__TASK INPUTS__.
=====
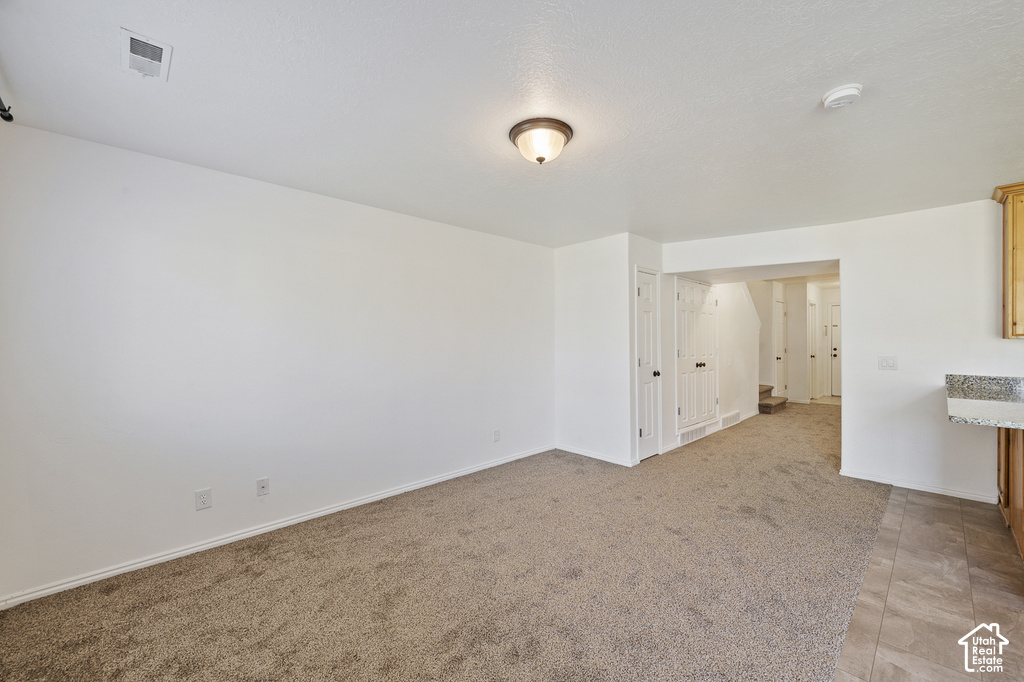 Light-toned wall finishes, neutral carpeting, and a built-in counter with a stone-finish surface
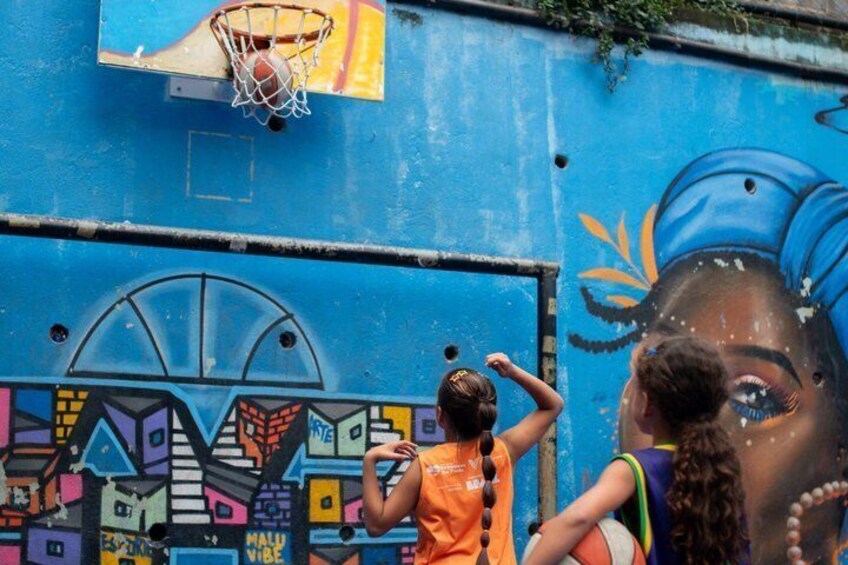 A basketball hoop and a mural on a wall. 3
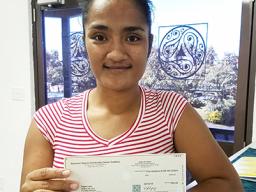Fuaao Letoi's daughter is pictured receiving Fuaao's 2nd stipend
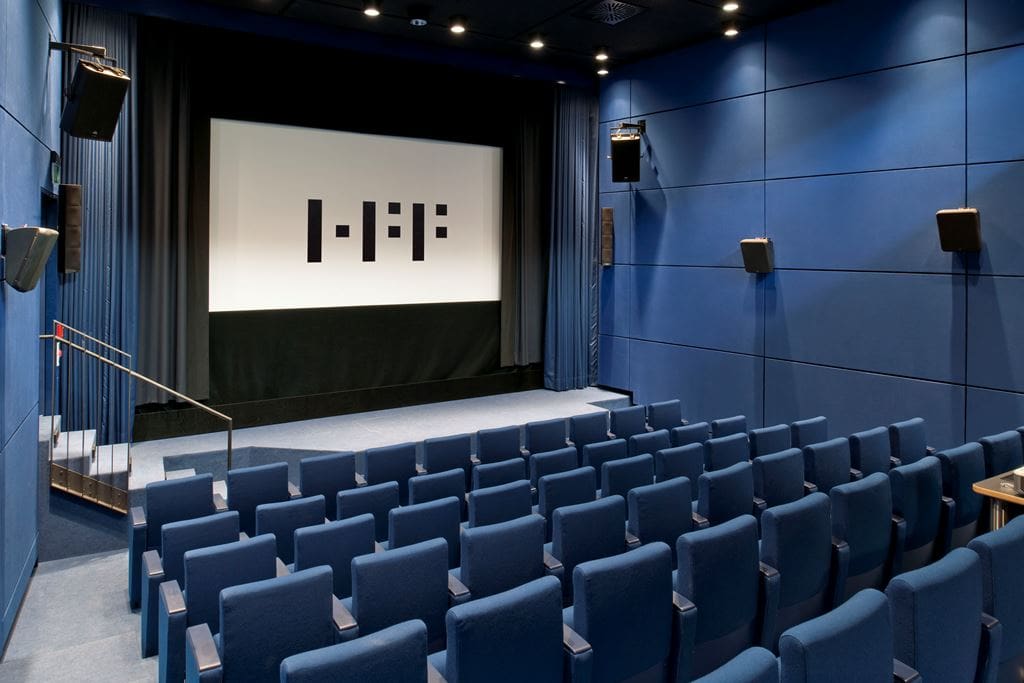 Empty cinema hall with blue seating and a projection screen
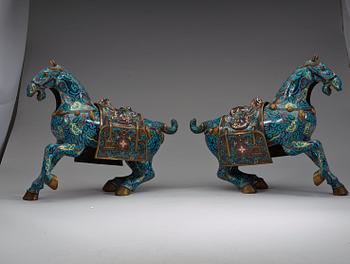 A pair of Chinese cloisonné figures of horses, presumably early 20th Century.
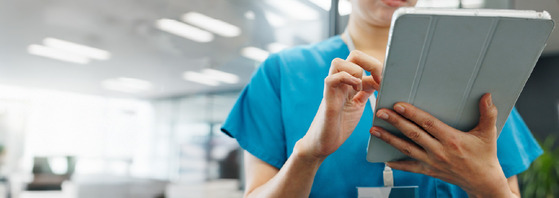 A medical professional uses an electronic tablet in a hospital setting.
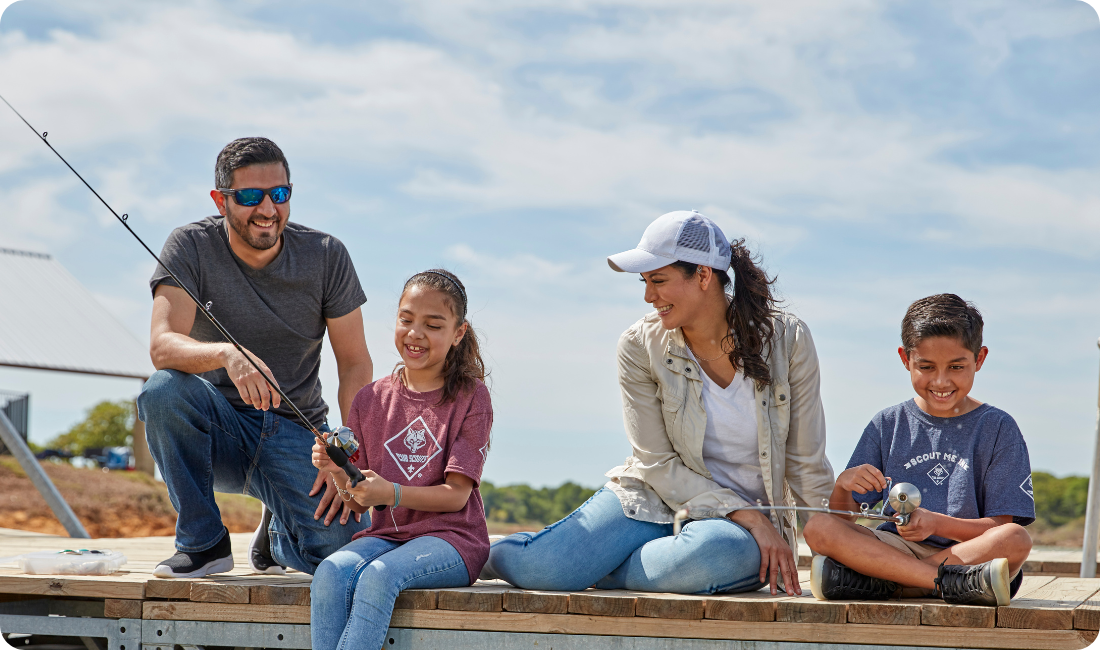 Parents and cub scouts sitting on dock smiling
=====
__WHAT NEEDS TO BE DONE__.
Your task is an exact printout of the records above, with no pictures.

__RESULT OF THE TASK__.
 Light-toned wall finishes, neutral carpeting, and a built-in counter with a stone-finish surface
 A basketball hoop and a mural on a wall. 3
Fuaao Letoi's daughter is pictured receiving Fuaao's 2nd stipend
 Empty cinema hall with blue seating and a projection screen
 A pair of Chinese cloisonné figures of horses, presumably early 20th Century.
 A medical professional uses an electronic tablet in a hospital setting.
 Parents and cub scouts sitting on dock smiling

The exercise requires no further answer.